Enfim, o primeiro ser externo a si mesmo descoberto após o Cogito por Descartes foi Deus, antes mesmo das coisas ou outros seres percebidos pelos sentidos; isso mostra o quanto a ideia clara e distinta é considerada pelo pensador como superior à própria experiência empírica, pois até a meditação estudada, os próprios sentidos estavam sob a dúvida cartesiana.

Descartes, nessa primeira demonstração “a posteriori” apresentada, introduz a ideia de que como seres finitos, não conseguiríamos por nós mesmos criar a ideia de infinito, se esta não fosse colocada em nós pelo Ser Absoluto, ou seja, Deus.

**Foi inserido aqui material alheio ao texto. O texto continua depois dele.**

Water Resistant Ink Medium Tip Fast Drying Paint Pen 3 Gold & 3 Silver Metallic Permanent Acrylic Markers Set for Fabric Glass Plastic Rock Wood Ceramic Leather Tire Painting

Em suma, não conseguiríamos pensar em um domínio com esta amplitude, que propõe todas as positividades elevadas ao infinito e que, consequentemente, contivesse o nosso domínio marcado por limitações e incertezas, se o infinito realmente não existisse. Com isso Descartes admite que, da mesma forma com que o sentido de infinito reside nele, o sentimento de um Deus que se manifeste perfeitamente também residiria.

Bibliografia:
1. Descartes, René. Meditações Metafísicas; 3ª. ed. São Paulo, SP: Martins Fontes, 2011.
2. Agostinho. Confissões; tradução de J. Oliveira e A. Ambrósio de Pina. 2ª. ed. Petrópolis, RJ: Vozes, 2013.
3. Espinosa, Baruch. Princípios da Filosofia de René Descartes demonstrados à maneira geométrica; 3ª. ed. São Paulo, SP: Martins Fontes, 2011.
4. Locke, John. Of the Conduct of the Understanding; Kessinger Publishing, LLC, 2010.
5. Hume, David. Tratado da Natureza Humana; 2ª. Ed, São Paulo, SP: UNESP, 2009.